→ Task directions: Repeat the lines from the line with "The third type" to the line with "So as you can" in the listing below, keeping both end lines and adding nothing.

→ Input for this task:
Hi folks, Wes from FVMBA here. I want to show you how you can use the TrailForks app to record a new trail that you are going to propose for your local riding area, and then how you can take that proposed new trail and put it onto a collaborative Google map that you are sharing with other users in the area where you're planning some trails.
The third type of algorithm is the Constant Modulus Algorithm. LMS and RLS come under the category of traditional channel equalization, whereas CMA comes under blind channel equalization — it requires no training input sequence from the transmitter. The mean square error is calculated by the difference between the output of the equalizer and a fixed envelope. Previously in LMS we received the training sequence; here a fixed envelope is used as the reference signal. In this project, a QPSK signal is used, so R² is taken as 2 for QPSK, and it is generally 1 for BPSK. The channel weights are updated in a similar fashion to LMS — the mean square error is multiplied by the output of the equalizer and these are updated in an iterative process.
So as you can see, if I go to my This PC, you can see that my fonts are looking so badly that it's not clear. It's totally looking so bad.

* * *

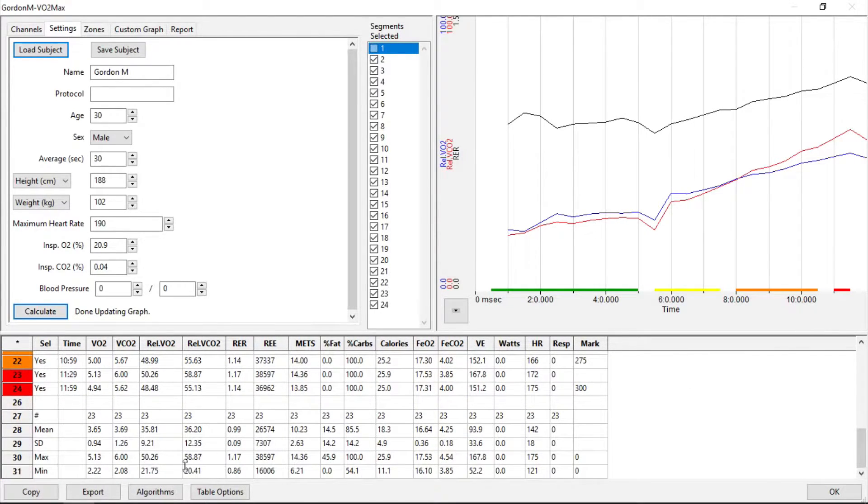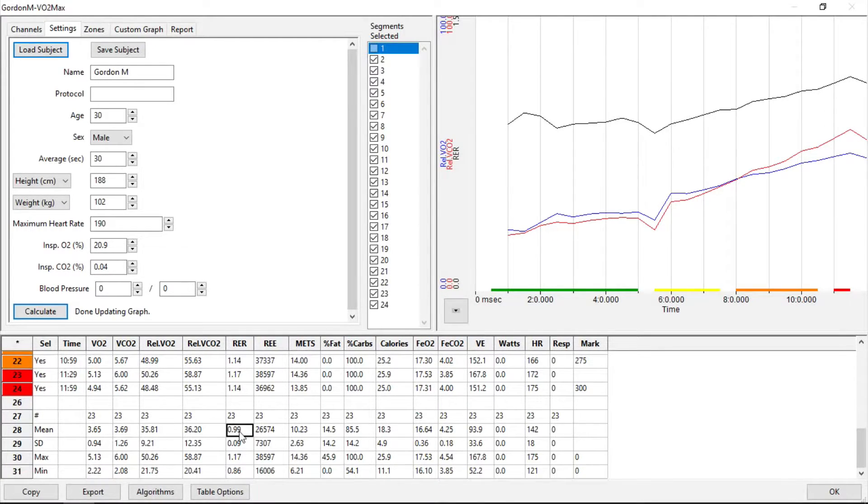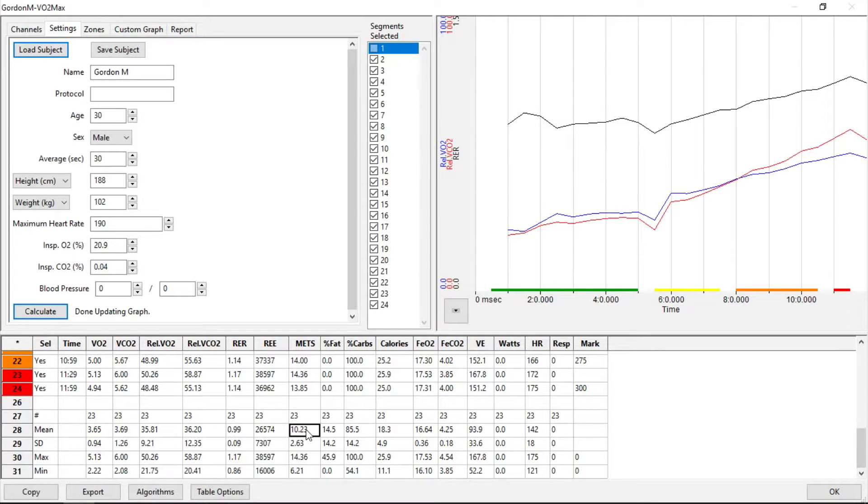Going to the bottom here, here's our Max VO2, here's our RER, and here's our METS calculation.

→ Response area:
The third type of algorithm is the Constant Modulus Algorithm. LMS and RLS come under the category of traditional channel equalization, whereas CMA comes under blind channel equalization — it requires no training input sequence from the transmitter. The mean square error is calculated by the difference between the output of the equalizer and a fixed envelope. Previously in LMS we received the training sequence; here a fixed envelope is used as the reference signal. In this project, a QPSK signal is used, so R² is taken as 2 for QPSK, and it is generally 1 for BPSK. The channel weights are updated in a similar fashion to LMS — the mean square error is multiplied by the output of the equalizer and these are updated in an iterative process.
So as you can see, if I go to my This PC, you can see that my fonts are looking so badly that it's not clear. It's totally looking so bad.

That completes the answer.